The biological researcher can access many methods to rapidly interrogate molecular structures and mechanisms. Such experiments typically involve numerous independent variables, such as substrates, measurement modalities and experimental conditions. Many of these variables may be causally correlated, and the data likely address multiple hypotheses. This multidimensional complexity can make it difficult to design a figure that clearly presents both the structure and value of data in a manner relevant to the inquiry.

When communicating complex data, focus on their meaning instead of structure—anchor the figure to relevant biology rather than to methodological details. What are the interesting findings, and what representation would communicate them clearly? Answering these questions may mean forgoing the conventional approach to displaying multidimensional data (Fig. 1). Instead, it may be better to project the data onto familiar visual paradigms, such as a protein network or pathway, to saliently show biological effects in a functional context.

Figure 1: Dimensions can be encoded as spatial or visual elements, such as along x and y axes or by color, size or symbol.
figure 1

The number of dimensions and the selection and layering of encodings can have a profound effect on clarity.

An example of an effective presentation of multidimensional data is shown in Figure 2, from a study of drug effect on a network of signaling proteins across a variety of immune cell types1. The figure uses the method of small multiples: each table cell is based on a schematic of the protein network, onto which quantitative data are projected as colored circles. Rows and columns represent experimental conditions. The figure is readily understood by experimentalists because it leverages biological context to relate the organizational details of the experiment.

Figure 2: Overview of the impact of a drug class on a signaling network in different cell types.
figure 2

Colored circles encode EC50 and percent inhibition using the scheme in Figure 3c. Adapted from ref. 1.

The design decision that makes Figure 2 so effective is the use of spatial encoding to present the data domain (the protein network). It maintains the functional relationship between the proteins, making it possible to assess the drugs' impact on the network, which is the intention of the study. Had the spatial encoding been used for the quantitative variables, as exemplified by Figure 1, this relationship would be muddled and the pathway analysis confounded. Figure 2 scales well without being overwhelming—the original shows 392 different cell type–drug combinations1.

In planning the design for a complex figure, it is helpful to list the relevant variables of the experiment (Fig. 3a). The next step is to classify the variables and select the encoding method (Fig. 3b). Effective encodings will maintain the nesting and multiplicity of the data structure in the final version (Fig. 3c).
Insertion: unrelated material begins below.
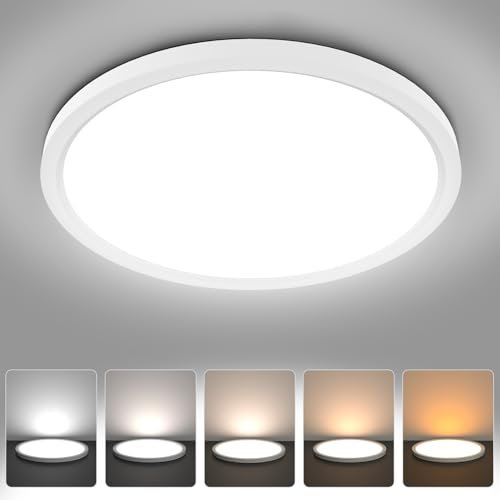 AVANLO LED Deckenleuchte Flach Ø30CM, Superhell 2400LM 24W Deckenlampe Wohnzimmer, 5 Farbtemperaturen Ultra Dünn Rund Küchenlampe für Schlafzimmer Balkon Flur Garage, 1 Stück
Figure 3: Design schematic for Figure 2, showing data structure, variable type and visual mapping.
figure 3

(a) Identification of nested data dimensions informs the levels of organization in the figure. (b) Data types and encodings used. (c) The protein dimension is spatially encoded into a diagram of the signaling network and tabulated by experimental condition. The adjacency of proteins signifies involvement in the same pathway, and vertical position relates to intracellular position. Protein nodes are combined into shapes. Perceptually accurate size and hue encodings2 are used for EC50 and percent inhibition.

Tabular small multiples are well suited for applications that offer interactive exploration. The scope of data can be focused (such as by transcription factors), the range of data narrowed (by high-potency effects) or the table rearranged. Remember that when presenting tabular data, the order of rows and columns can both reveal and hide patterns.

The final design (Fig. 3) is unencumbered and accommodates selective emphasis of pathways (via colored highlighting) or proteins (via thicker strokes). The ability to focus the reader's attention on specific elements in displays of complex data is desirable and is made possible by a light visual style. Row and column numbers are used to aid data lookup.

In the design of your figures, look to leverage existing biological conceptual models to organize the presentation of your high-dimensional data.